I titled this, “Why Efficiency Eludes Us,” though I admit I have no startling new theories on why, even when unavoidable, organizational change is so excruciatingly difficult for us. Here, for what they’re worth, my guesses:

•   Religion is, by its very nature, inertial. If truth is unchanging, perhaps we feel that the structures that hold it shouldn’t change, either.

•   Seventh-day Adventists find identity in our bureaucracy(something we share with our arch-nemesis, Roman Catholicism.) We place much importance on convocations like General Conference, and we mostly know who the people at the top are. A pastor’s transfer to another church isn’t the promotion that a move to an administrative office is. We take pride in our big institutions, even if the local ones are frail.

•   We don’t define our goals well.The Biblical mission is to save the world for Christ. We translate that into saving our institutions and buildings, perhaps believing the world can’t be saved for Christ without them. The largest part of local church budgets go toward erecting and maintaining bricks and mortar, structures used only a couple of hours a week. Atlantic Union College is a case study of how reluctant we are to let go of an institution even when there’s no necessity for its survival.

•   People don’t like losing their sphere of influence or position of leadership, even if institutions would work better if they did.
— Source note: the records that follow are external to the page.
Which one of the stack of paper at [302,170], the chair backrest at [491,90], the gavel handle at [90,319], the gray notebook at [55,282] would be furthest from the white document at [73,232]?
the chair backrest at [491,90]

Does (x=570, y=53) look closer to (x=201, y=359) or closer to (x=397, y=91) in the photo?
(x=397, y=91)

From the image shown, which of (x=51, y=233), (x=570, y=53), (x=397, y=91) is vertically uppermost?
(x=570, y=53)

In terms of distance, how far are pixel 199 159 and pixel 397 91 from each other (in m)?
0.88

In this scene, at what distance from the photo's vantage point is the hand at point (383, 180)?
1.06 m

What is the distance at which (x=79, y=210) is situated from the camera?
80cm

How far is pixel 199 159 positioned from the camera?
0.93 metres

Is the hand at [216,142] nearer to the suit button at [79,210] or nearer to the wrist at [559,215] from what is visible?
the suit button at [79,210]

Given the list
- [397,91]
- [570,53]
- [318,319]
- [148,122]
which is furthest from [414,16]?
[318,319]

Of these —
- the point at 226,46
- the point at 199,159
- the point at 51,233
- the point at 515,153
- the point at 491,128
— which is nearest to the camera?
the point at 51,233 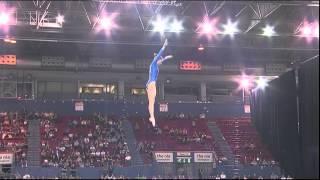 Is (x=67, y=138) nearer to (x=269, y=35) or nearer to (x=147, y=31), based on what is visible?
(x=147, y=31)

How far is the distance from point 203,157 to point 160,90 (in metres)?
7.21

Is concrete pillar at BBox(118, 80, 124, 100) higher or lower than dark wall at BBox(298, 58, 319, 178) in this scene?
higher

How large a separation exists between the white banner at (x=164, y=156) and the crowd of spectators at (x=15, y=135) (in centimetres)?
754

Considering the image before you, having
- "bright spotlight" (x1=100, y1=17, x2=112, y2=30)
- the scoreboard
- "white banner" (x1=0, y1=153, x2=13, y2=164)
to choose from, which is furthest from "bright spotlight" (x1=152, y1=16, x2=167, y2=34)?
"white banner" (x1=0, y1=153, x2=13, y2=164)

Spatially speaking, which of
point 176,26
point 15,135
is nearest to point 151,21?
point 176,26

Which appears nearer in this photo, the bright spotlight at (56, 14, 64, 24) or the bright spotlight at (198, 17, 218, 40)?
the bright spotlight at (56, 14, 64, 24)

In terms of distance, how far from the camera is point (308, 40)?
28.5 meters

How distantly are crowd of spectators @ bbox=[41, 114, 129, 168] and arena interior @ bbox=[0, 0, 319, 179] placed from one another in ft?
0.29

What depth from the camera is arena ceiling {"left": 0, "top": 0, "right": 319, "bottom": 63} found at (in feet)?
75.9

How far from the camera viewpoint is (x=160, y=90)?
36375 millimetres

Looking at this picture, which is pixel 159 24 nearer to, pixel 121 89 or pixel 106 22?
pixel 106 22

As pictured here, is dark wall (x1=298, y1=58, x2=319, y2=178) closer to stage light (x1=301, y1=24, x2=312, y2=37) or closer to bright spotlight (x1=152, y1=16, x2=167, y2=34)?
stage light (x1=301, y1=24, x2=312, y2=37)

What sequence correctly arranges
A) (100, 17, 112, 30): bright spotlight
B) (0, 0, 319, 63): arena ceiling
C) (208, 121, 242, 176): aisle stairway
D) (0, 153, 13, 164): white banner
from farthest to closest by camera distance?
1. (208, 121, 242, 176): aisle stairway
2. (0, 153, 13, 164): white banner
3. (100, 17, 112, 30): bright spotlight
4. (0, 0, 319, 63): arena ceiling

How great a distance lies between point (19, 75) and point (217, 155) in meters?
13.8
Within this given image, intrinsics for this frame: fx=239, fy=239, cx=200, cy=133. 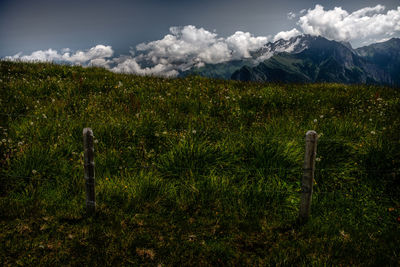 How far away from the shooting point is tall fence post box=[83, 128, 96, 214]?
3.66m

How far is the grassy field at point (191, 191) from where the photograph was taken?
3.40m

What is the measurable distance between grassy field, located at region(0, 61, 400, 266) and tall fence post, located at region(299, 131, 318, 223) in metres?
0.25

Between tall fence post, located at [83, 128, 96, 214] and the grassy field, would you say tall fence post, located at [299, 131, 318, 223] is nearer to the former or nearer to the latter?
the grassy field

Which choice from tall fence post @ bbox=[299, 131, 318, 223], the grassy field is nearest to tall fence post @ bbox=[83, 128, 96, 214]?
the grassy field

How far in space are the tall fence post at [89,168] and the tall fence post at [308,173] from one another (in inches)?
131

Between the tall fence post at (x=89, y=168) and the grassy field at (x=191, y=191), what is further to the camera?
the tall fence post at (x=89, y=168)

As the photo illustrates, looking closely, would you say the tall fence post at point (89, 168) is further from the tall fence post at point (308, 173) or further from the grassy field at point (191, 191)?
the tall fence post at point (308, 173)

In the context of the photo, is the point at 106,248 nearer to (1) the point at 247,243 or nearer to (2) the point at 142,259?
(2) the point at 142,259

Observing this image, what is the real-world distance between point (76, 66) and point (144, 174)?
33.4 ft

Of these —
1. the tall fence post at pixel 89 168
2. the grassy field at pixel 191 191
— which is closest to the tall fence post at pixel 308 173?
the grassy field at pixel 191 191

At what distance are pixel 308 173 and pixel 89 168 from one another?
3438mm

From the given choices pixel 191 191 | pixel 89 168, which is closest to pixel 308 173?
pixel 191 191

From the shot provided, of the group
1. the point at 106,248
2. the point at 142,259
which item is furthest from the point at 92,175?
the point at 142,259

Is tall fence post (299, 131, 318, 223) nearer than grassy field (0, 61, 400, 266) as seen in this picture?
No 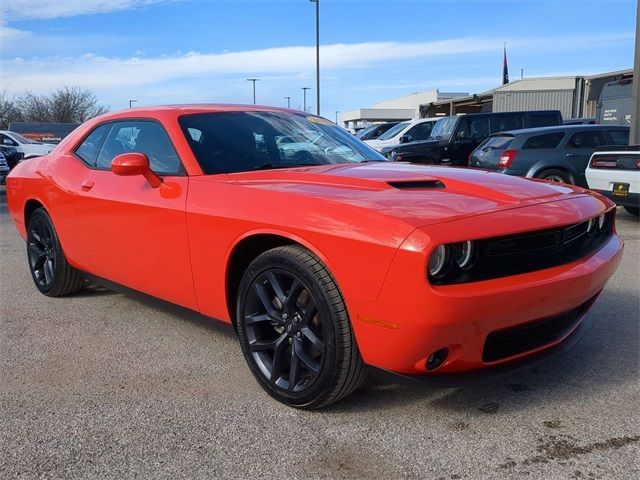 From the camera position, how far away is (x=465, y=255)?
8.11ft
The local school merger I mentioned above failed mostly because laypeople in each congregation wanted to have control, and the only way they could do that was each to have their own school.

•   Many Seventh-day Adventists are employed by the church and its institutions,so any changes immediately affect friends and fellow church members. It’s hard for a compassionate leader to look several hundred brothers and sisters in Christ in the eyes and say, “You’ve worked here for decades, and you’re about to lose your livelihood because of a decision I’m making.” It’s easier to wait for for the institution to use up all its options and assets.

•   Traditions and old “truths” interfere.In an era of opportunities, technologies, and business practices that Ellen White never foresaw, we’re making decisions about multi-million-dollar church businesses on the basis of comments she made before telephones existed. When she wrote about the publishing ministry, or the levels of denominational administration, was it her intention to lock us in to a Victorian-era organizational chart? (As for the theory that we need multiple publishing houses so that there’s diversity in what we print: since when have denominational leaders craved diversity of opinion? There’s hardly a ha’penny’s worth of editorial difference between our major publishers anymore because they’re watched over by the same set of people.)

So that’s where we are, and we don’t seem to know how to overcome it. We not only have difficulty making changes for increased efficiency, but when we manage to push them through, two and two rarely make four.

I’m don’t think there are any bad guys here. No one is intentionally doing the wrong thing. We are doing what people have always done in organizations like ours: trying to keep everything as it has always been, even while the world changes around us.

I understand. I don’t like like change, either. Still, changes of this kind will be necessary, and the only question is whether we’re going to make them with an intentional bang, or an extended series of unplanned whimpers.